Arnaud n’a pas le temps de la retenir : Juliette a déjà disparu. Elle sort tour à tour les assiettes blanches en porcelaine de Limoges, les verres à vin, à eau, les couverts en argent et la carafe en cristal. Elle ajoute des bougies sur de petites coupelles pour créer une atmosphère intimiste. C’est un peu trop, non ? Sûrement. Quand elle reçoit, la jeune femme ne fait pas les choses à moitié. Elle saisit toutes les occasions pour sortir l'argenterie de sa mère. Elle a d'ailleurs de nombreuses anecdotes à ce sujet qu'elle aime raconter lorsque ses invités admirent les beaux couverts. Hélène sera touchée par l’attention. Lucie aussi, si elle vient. Juliette vérifie son téléphone.

Toujours rien.

Intérieurement, la jeune femme se prépare à une déconvenue de dernière minute. Elle le comprendrait. Après hier, elle aurait aimé avoir l’occasion d’en parler avec elle, mais pas ce soir. Impossible. Elle espère au moins pouvoir la rassurer du regard. Seulement, elle n’est pas sûre d’être en mesure de le faire. Même si Juliette a toujours suivi son désir, sans se poser de questions.

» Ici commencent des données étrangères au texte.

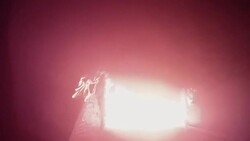 Slow Motion POV, firefighter climbs burning staircase, sprays water on fire Stock Footage
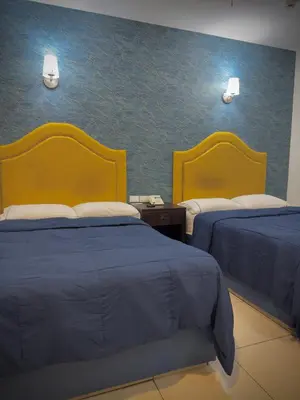 Cama o camas de una habitación en Hotel Maioris Kumate Culiacán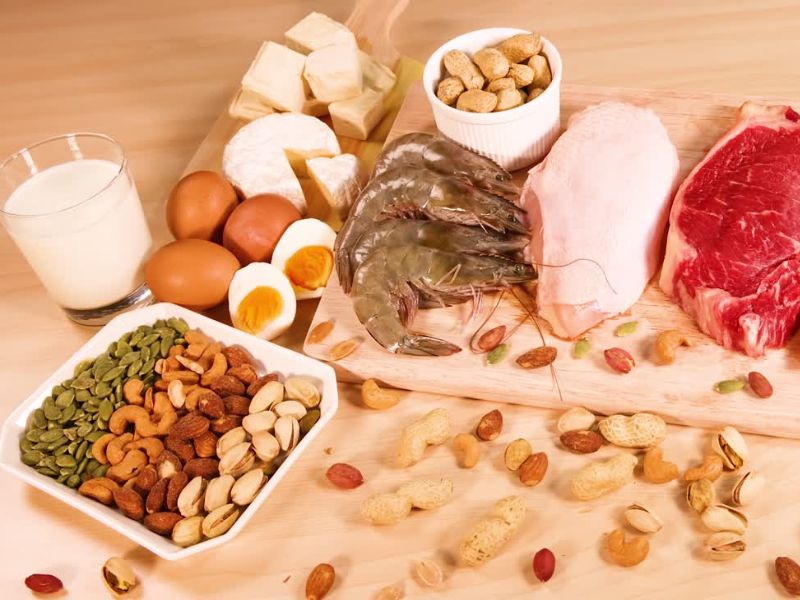 na stolu prikaz orašastog voća, kuvanih jaja, jogurta, škampa, piletine i govedine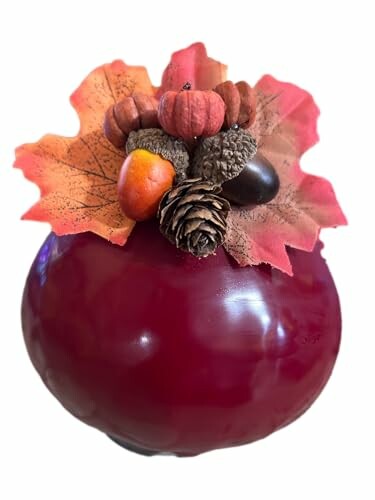 Red apple with autumn leaves and pinecone decoration on top.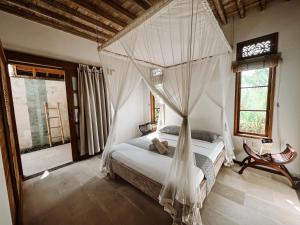una camera da letto con un letto con zanzariera di Two Smiling Buddhas a Jasri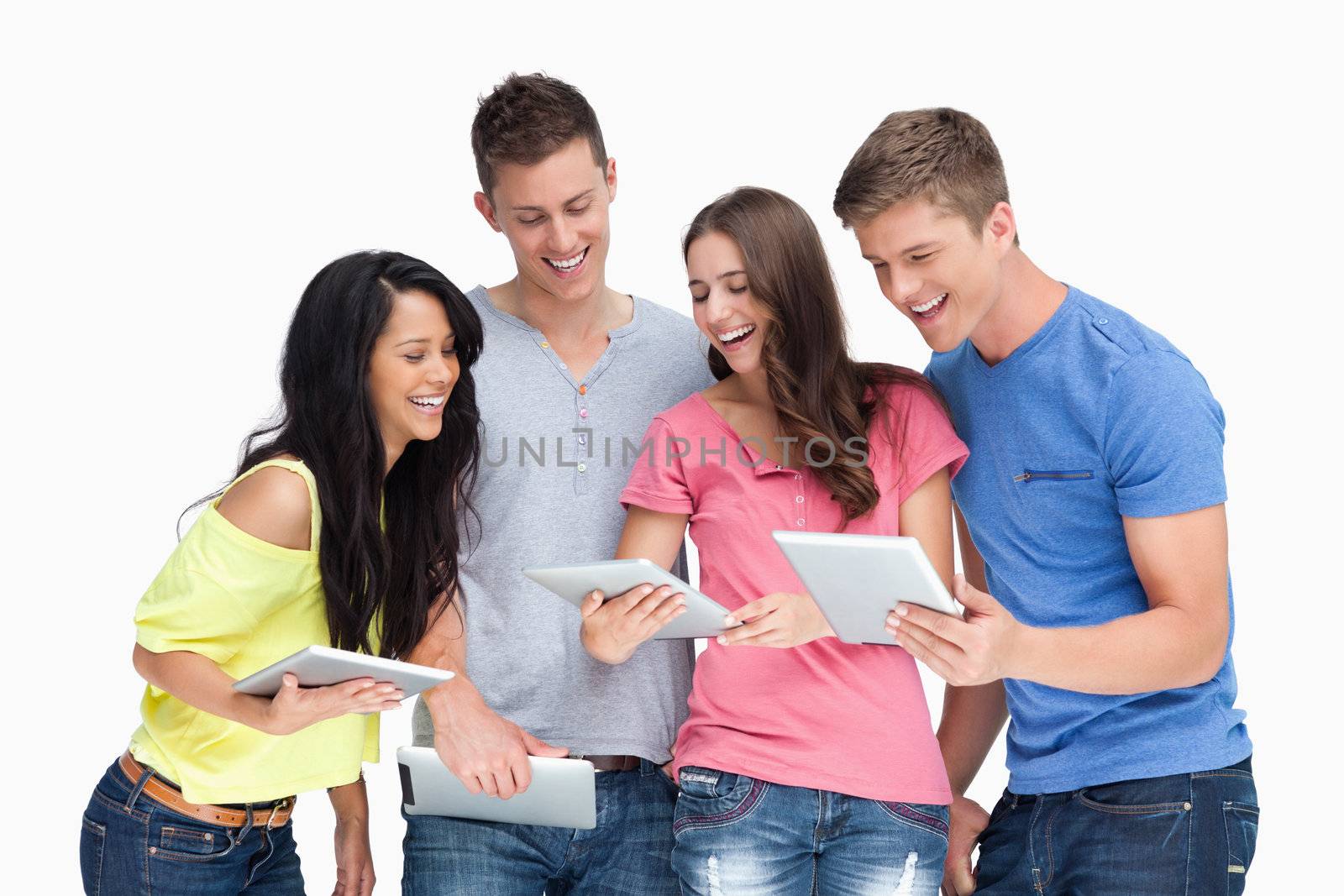 A laughing group of friends looking at their tablets while beside one another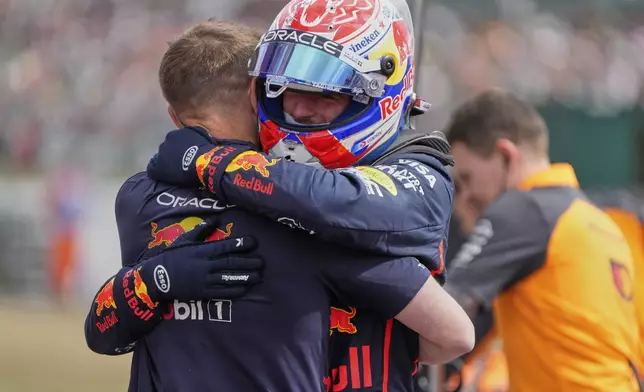 Red Bull driver Max Verstappen of the Netherlands hugs a team memebr after taking the pole position during the qualifying for the British Formula One Grand Prix in Silverstone, England, Saturday, July 5, 2025. (AP Photo/Darko Bandic)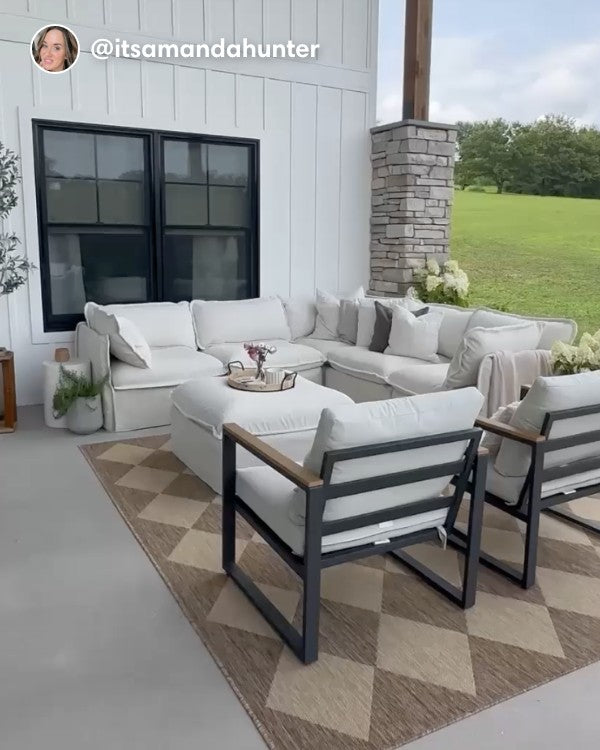 Lifestyle image of a Modular Outdoor Washable 5-Seater Corner Sectional with Ottoman in Alfresco Boucle Creme, shown in a real customer outdoor setting.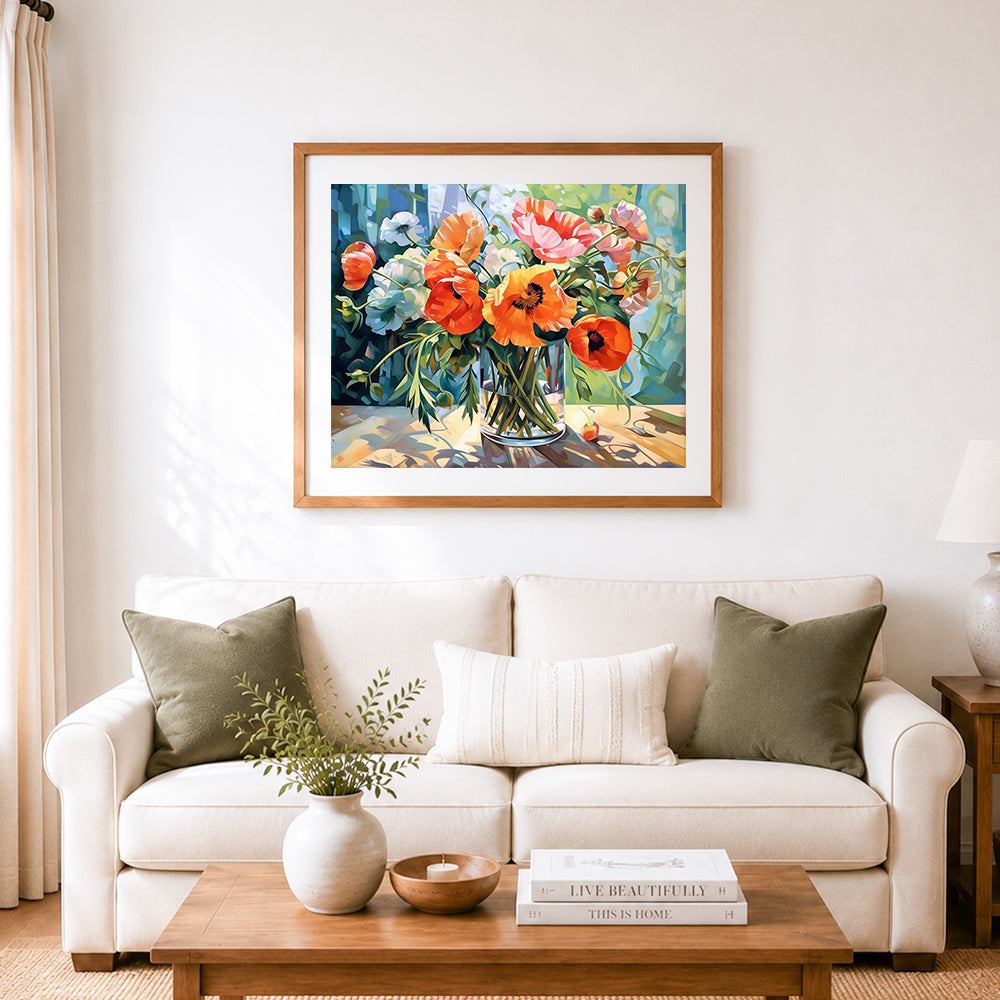 Finished bright orange and pink poppies in sunlight cross stitch artwork displayed as home decor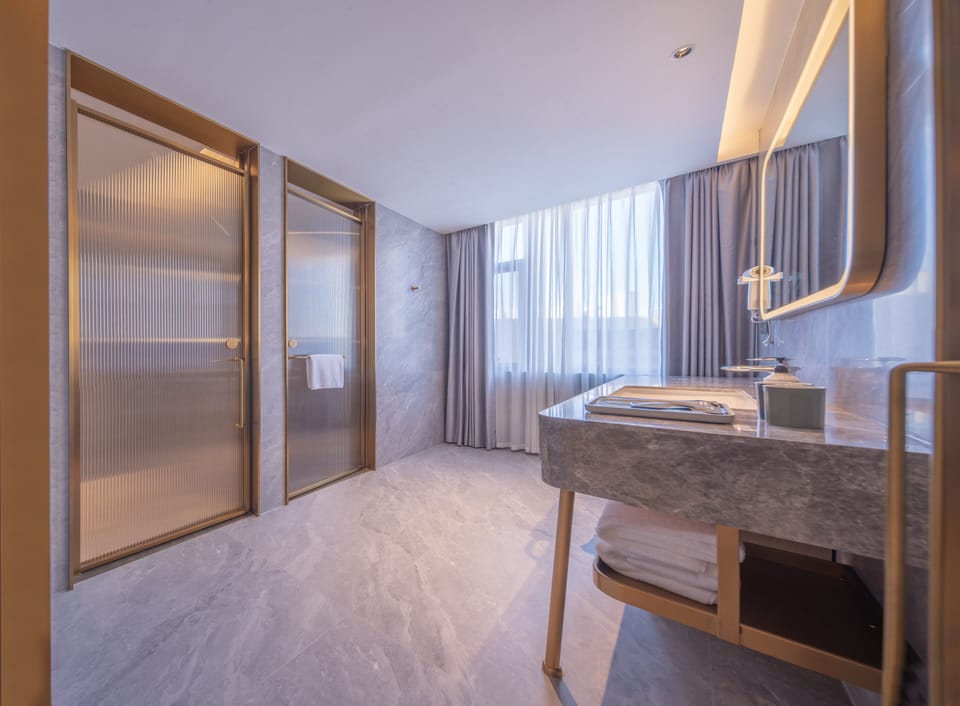 Superior Double Room, Courtyard View | Bathroom | Free toiletries, hair dryer, towels, soap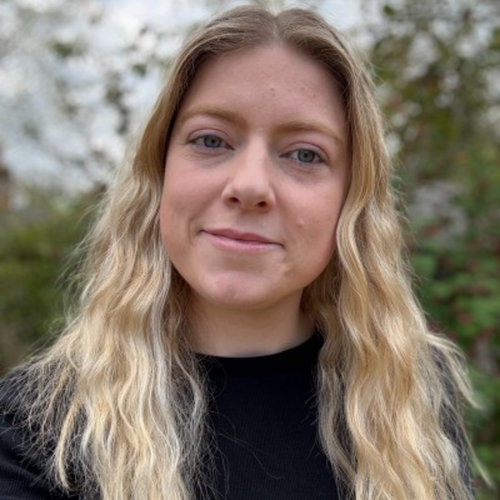 Outdoor headshot of a blond woman with long wavy hair, wearing a black top and a slight smile, against a blurred natural background.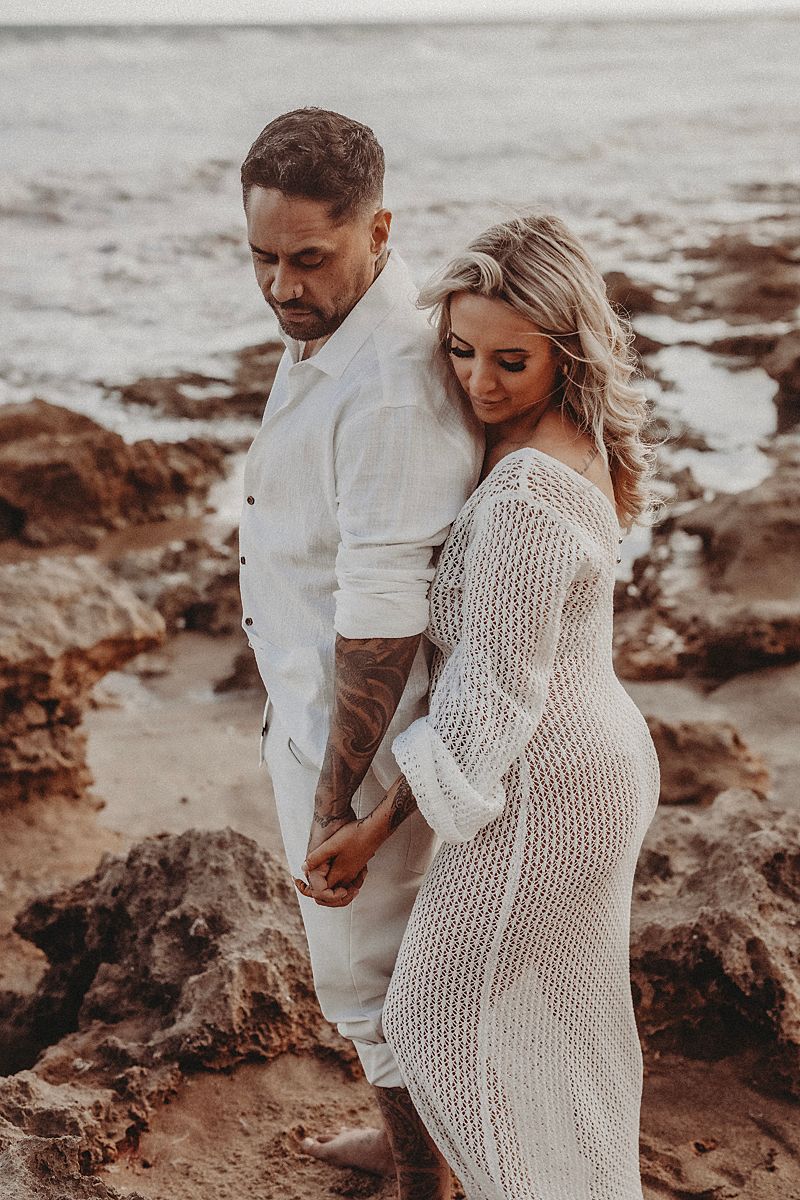 young beautiful couple posing on the beach for engagement session geelong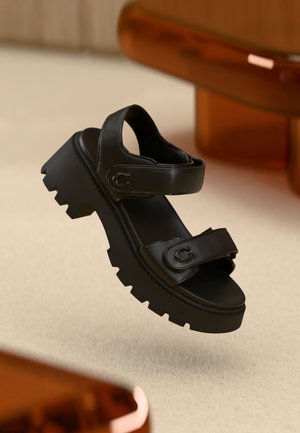 Sandali platform neri con due cinturini regolabili, una suola spessa e testurizzata, e dettagli con logo, che mostrano un design moderno e minimalista.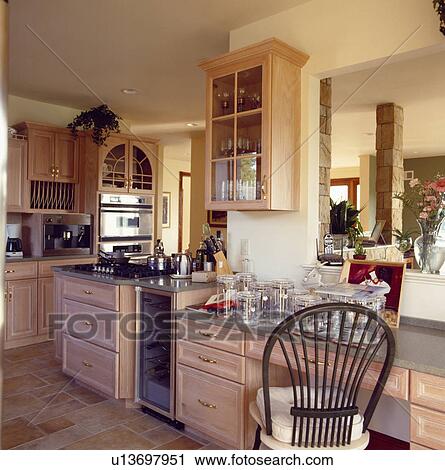 Stock Image - Modern kitchen with wine cooler built into wooden units . Fotosearch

En reculant pour contempler la table, l'hôtesse imagine la disposition des convives. Le plus sage serait de placer Hélène à côté de Lucie, et Arnaud à côté de Martin. Ils pourraient ainsi faire connaissance. La division des conversations — écueil fréquent des soirées où chacun se love confortablement dans de longues discussions avec celui qu'il connaît mieux — serait ainsi évitée. Une proposition réfléchie que Juliette ne retient pas. Elle veut être à côté de Lucie. Sinon à quoi rimerait cette soirée ? La table ronde facilite la réflexion. Elle se placera au plus près de la cuisine. Lucie sera à sa droite, Arnaud à sa gauche. Restent Hélène et Martin, qui seront à côté. Parfait ! La jolie brune fait un point sur les préparatifs : disposer le vin sur la table et couper le pain.

Un cri la tire de ses réflexions. Elle se précipite dans la cuisine. Arnaud, la chemise tachée d’éclaboussures de café, une tasse à la main, s'exclame :

— Merde ! Merde ! Merde ! Ta cafetière est merdique !

— Quelle idée de boire un café à cette heure-ci !

— Il n’y a pas d’heure pour le café, rétorque-t-il, agacé.

Juliette saisit un torchon pour tenter de réparer les dégâts, mais le mal est fait. Il est trop tard pour laver la chemise et la faire sécher avant l'arrivée des invités.

— Tu as des affaires de rechange ?

— Non, j'ai lancé une machine.

Alors que Juliette continue à frotter vainement la chemise tâchée, Hélène entre dans la cuisine emmitouflée dans son manteau.

— Vous avez un problème ?

Arnaud se retourne sans un mot et lui désigne sa chemise bicolore. Elle grimace.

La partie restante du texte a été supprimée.